Crimson Tide rose 7.3% to 88.5p after reporting a return to profitability for the year ended 30 April.
Revenue for the year was £5.9m, broadly in line with the prior period on a 12‑month pro‑forma basis, but monthly recurring revenue fell from £468k to £397k, and overall gross revenue churn was approximately 28%.
The company said the MRR decline primarily reflected one customer exercising a break clause (c.£61k MRR), the end of several lower‑value contracts and residual disruption from three takeover approaches over the prior two years, with roughly 70% of recurring revenue subject to renewal during the period.

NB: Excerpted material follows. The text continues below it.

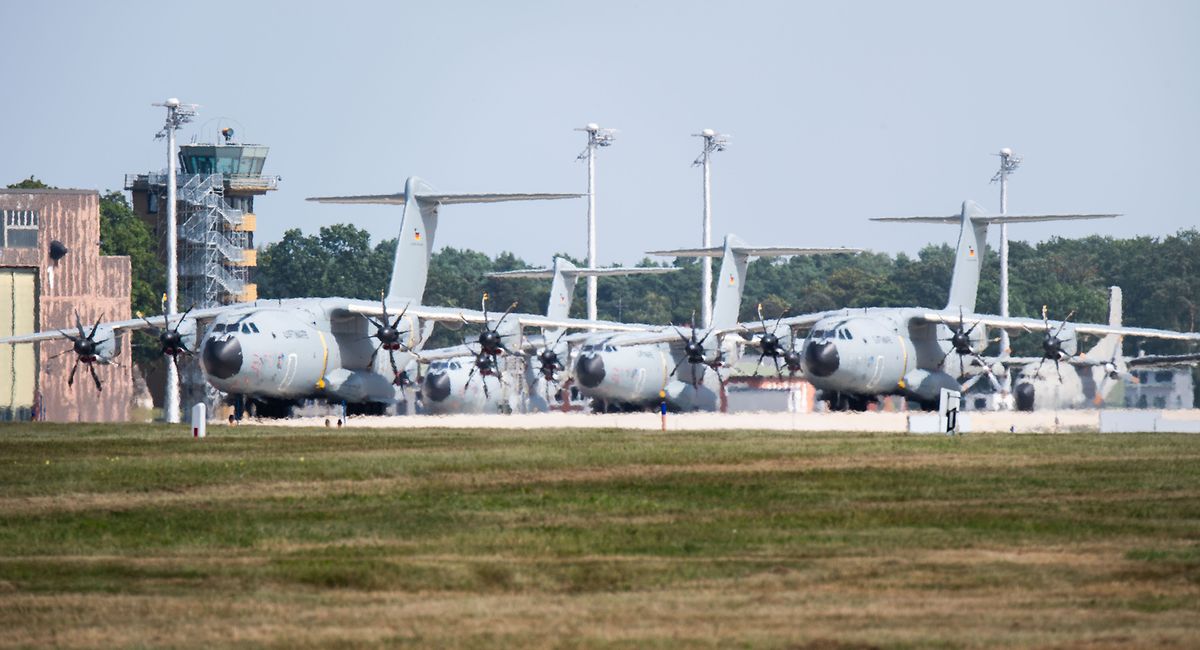Transportflugzeuge vom Typ Airbus A400M der Luftwaffe stehen auf dem Fliegerhorst Wunstorf in der Region Hannover.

Commercial progress included a landmark three‑year renewal with a major retailer worth TCV £3.88m (MRR £108k), early US traction with new customer 3Z Brands and sustained uplifts from existing clients via additional modules and deployments.

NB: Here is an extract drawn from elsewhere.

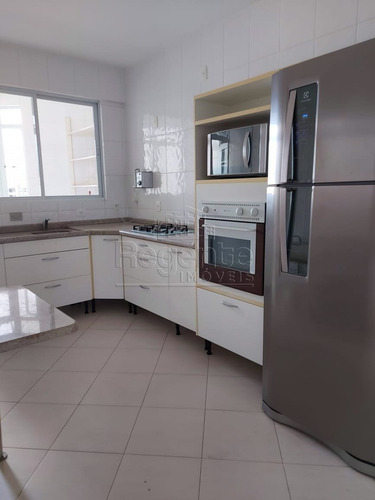 Apartamento A Venda Com 3 Quartos No Bairro Trindade Em Florianopolis - V-81753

The Board said FY27 will start from a lower revenue base reflecting FY26 churn, but it expects churn to be below 10%, has realigned the cost base and is investing in sales and marketing to drive new business and a return to revenue growth.
Management highlighted a more scalable operating model, strengthened customer success functions and AI‑driven productivity gains as the levers to secure lower churn and improved margins.
"The path to growth is clear and we are pursuing it on three fronts: significantly reduced churn, new business growth and expansion within our existing customer base," said Jon Clarke, Chief Executive Officer.